Recorded information »
__________________________________________________
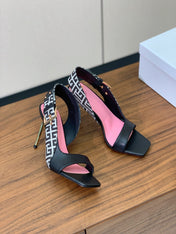 BALMAIN 25S JACQUARD KNIT SLINGBACK PUMPS 95MM IN BLACK AND PINK CALFSKIN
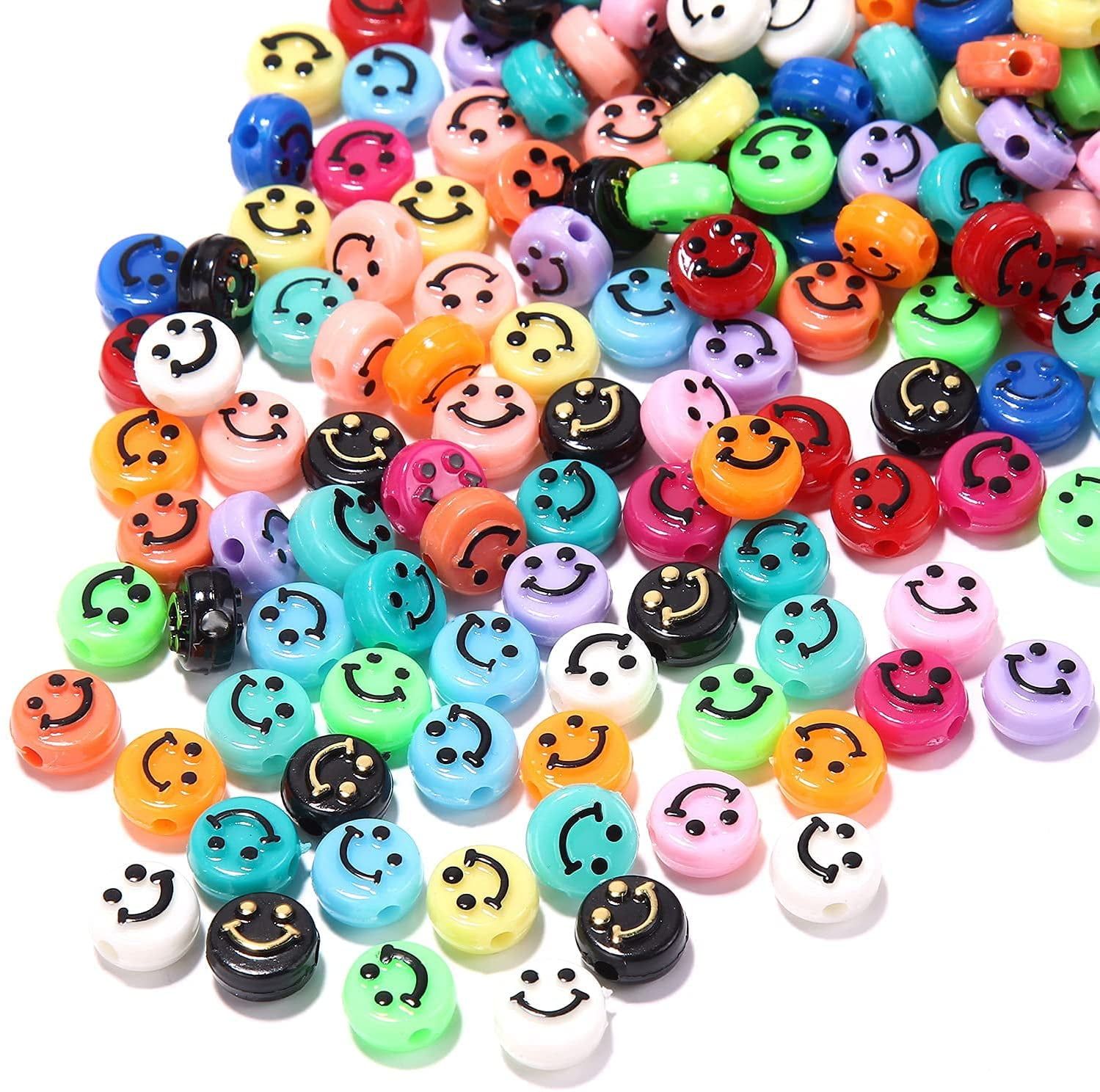 10mm Acrylic Round Happy Face Loose Spacer Beads Colorful Smiley Face Charms for Jewelry Making Bracelet Earring Necklace DIY Craft Supplies Hair Accessories 300Pcs Smiley Face Beads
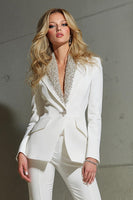 Load image into Gallery viewer, Sparkly White 2 Piece Shawl Lapel Prom Suits with Sequins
__________________________________________________
Work task » The lines from the one containing "10mm Acrylic Round" through the final line of the data are to be repeated exactly, with both ends included and all pictures left out.

Reply to the exercise »
 10mm Acrylic Round Happy Face Loose Spacer Beads Colorful Smiley Face Charms for Jewelry Making Bracelet Earring Necklace DIY Craft Supplies Hair Accessories 300Pcs Smiley Face Beads
 Load image into Gallery viewer, Sparkly White 2 Piece Shawl Lapel Prom Suits with Sequins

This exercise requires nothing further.